We made enough to launch WMG and hire help. But it took us years to refresh those first 200 titles with new covers, and then new interiors, and better sales copy. But what we fixed those with now needs to be refreshed as well. My PowerPoint covers were often better than what we replaced and we spent no time on sales copy.

So now it has been 15 years. (WMG started in 2010 and became a corporation in 2012.)

(Can’t tell a nasty-gram about a 14 year old title caused this blog, can you? (grin))

Just remember… Books don’t spoil.  And I keep reminding myself that people who write nasty-grams about our work because of their own ignorance never seem to go away.

 

6 Comments

  • LM

    I’ve been recovering FINALLY from some life rolls, and while finishing stories again is thrilling! I admit, I’m not looking forward to rebooting the pub process, since the one I originally developed is defunct. (D2D migration anyone, yes, I’ve been down for the count a long time)

    But you remind me just keep persevering, one step at a time, and it’ll turn out fine in the end.

  • Vincent Zandri

    1,000+ titles. That’s incredible. Even if only 1/5th of that library sold one copy per day (no way would that pass muster in 20th century-based trad world), at an average price of 3.99 per book, you’re bringing in around $560 per day, or about $17K and change per month. And that’s just book sales, not including KS’s, classes, workshops, anthologies and magazines you might be included in, etc. Whever I see stuff like this, it amazes me the power of establishing one’s own indie imprint.

    VZ

      • topaz

        Hi Dean,

        didn’t you also once recommend an old pulp writer who changed the titles of his stories, too?

        Do you recommend to not only update covers and blurbs but also the titles? (This would result in a new book entry on the store sites and unpublishing the old version.)
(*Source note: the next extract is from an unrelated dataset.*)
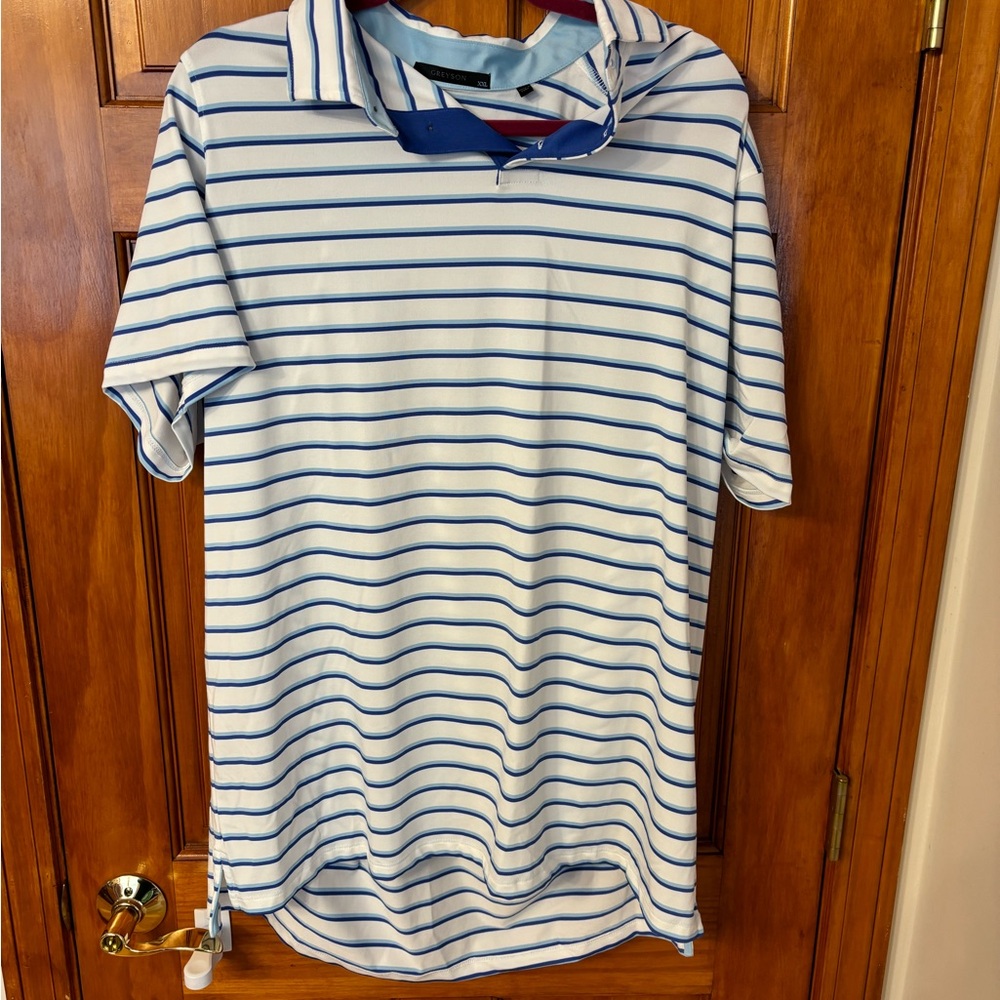 Greyson Blue and White Striped Polo Shirt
        Thanks for this lovely post.

        Best wishes
        Topaz

        • dwsmith

          Nora Roberts used to change titles with every reissue and really pissed off her fans. I can see little reason to change titles unless the title was bad to start with, wjhich two of the thrillers I just reissued were. So mostly no reason on titles in my opinion.

  • Glyn

    Knowing what you do and how much storytelling you have out there, it makes me wonder how many stories the (nasty grammer) has out there. Nowhere near you guys, me thinks. There was a Carry-on film that could relate to this. Carry on: Regardless. There is always one that complains.